Function `normalize_url` doubly encodes query string in some cases.
Simon-Will opened this issue · 0 comments
The function normalize_url does not correctly handle some query strings. From what I understand, the function is supposed to rearrange the query parameters so that URLs with different order of query parameters match.
However, the combination of urlencode
and URL.with_query
doubly encodes some characters.

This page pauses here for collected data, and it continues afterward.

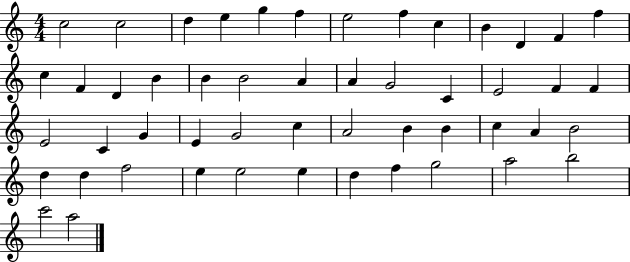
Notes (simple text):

C5/h C5/h D5/q E5/q G5/q F5/q E5/h F5/q C5/q B4/q D4/q F4/q F5/q C5/q F4/q D4/q B4/q B4/q B4/h A4/q A4/q G4/h C4/q E4/h F4/q F4/q E4/h C4/q G4/q E4/q G4/h C5/q A4/h B4/q B4/q C5/q A4/q B4/h D5/q D5/q F5/h E5/q E5/h E5/q D5/q F5/q G5/h A5/h B5/h C6/h A5/h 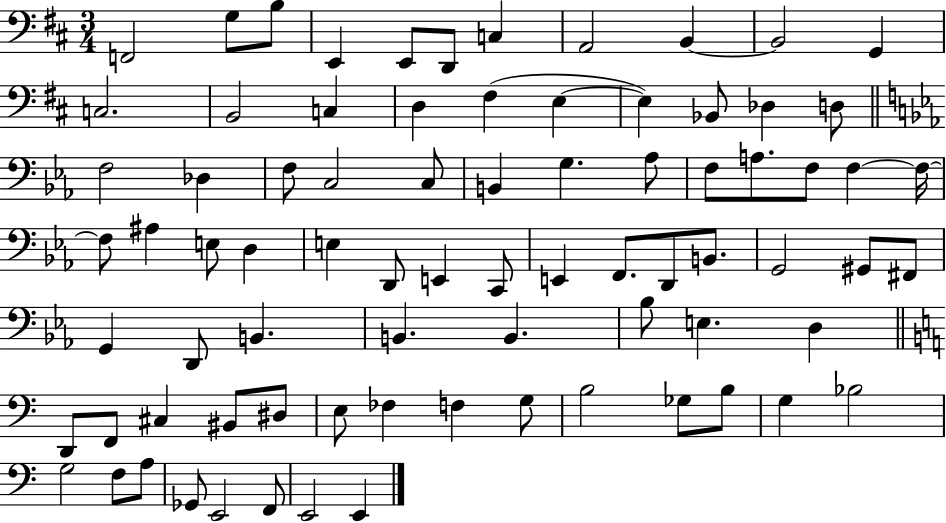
{
  \clef bass
  \numericTimeSignature
  \time 3/4
  \key d \major
  f,2 g8 b8 | e,4 e,8 d,8 c4 | a,2 b,4~~ | b,2 g,4 | \break c2. | b,2 c4 | d4 fis4( e4~~ | e4) bes,8 des4 d8 | \break \bar "||" \break \key ees \major f2 des4 | f8 c2 c8 | b,4 g4. aes8 | f8 a8. f8 f4~~ f16~~ | \break f8 ais4 e8 d4 | e4 d,8 e,4 c,8 | e,4 f,8. d,8 b,8. | g,2 gis,8 fis,8 | \break g,4 d,8 b,4. | b,4. b,4. | bes8 e4. d4 | \bar "||" \break \key c \major d,8 f,8 cis4 bis,8 dis8 | e8 fes4 f4 g8 | b2 ges8 b8 | g4 bes2 | \break g2 f8 a8 | ges,8 e,2 f,8 | e,2 e,4 | \bar "|."
}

I think that it's exactly those characters that can legally occur in a query string, but not in any URL part, such as :
and /
. urlencode
of course will encode them and URL.with_query
will then pick up the %
that the urlencode
unnecessarily produced.
I propose to just drop the parse_qsl
and urlencode
resulting in the simplified_normalize_url
in the following example code:
from yarl import URL
from aioresponses.compat import normalize_url
# %3A = : (Does NOT need to be encoded in query string)

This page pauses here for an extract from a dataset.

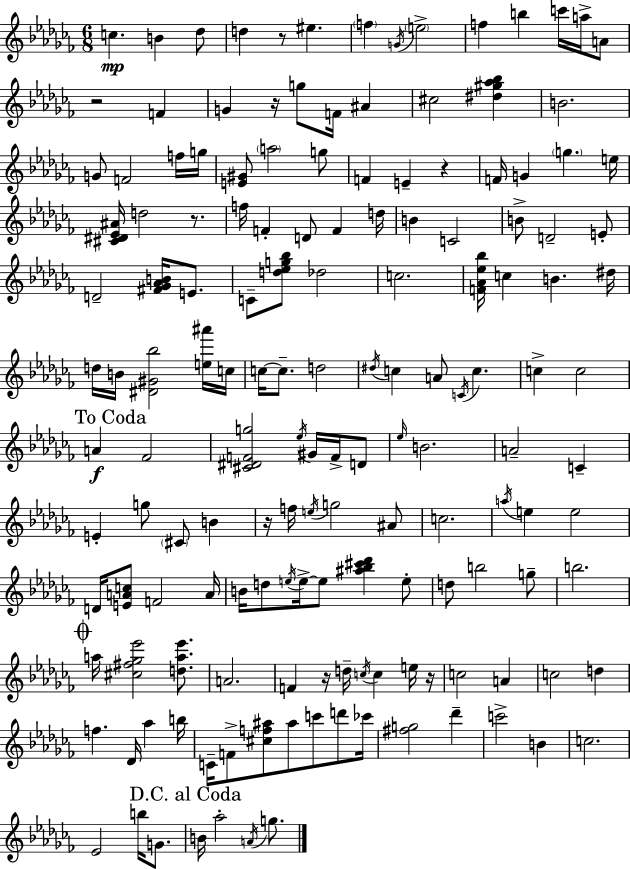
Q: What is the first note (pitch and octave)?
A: C5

# %2F = / (Does NOT need to be encoded in query string)
# %26 = & (MUST be encoded in query string)
url_str = 'https://example.com/?var=foo%3Abar%2Fbaz%26gaz'
def simplified_normalize_url(url):
url = URL(url)
return url.with_query(sorted(url.query.items()))
print(f'Before: {url_str}')
print(f'After normalize_url: {normalize_url(url_str)}')
print(f'After simplified_normalize_url: {simplified_normalize_url(url_str)}')
Running it on my machine (Xubuntu 22.04.1 with Python 3.9.6) produces the following output:
Before: https://example.com/?var=foo%3Abar%2Fbaz%26gaz
After normalize_url: https://example.com/?var=foo%253Abar%252Fbaz%2526gaz
After simplified_normalize_url: https://example.com/?var=foo:bar/baz%26gaz
I can create a small pull request with tests for this tomorrow.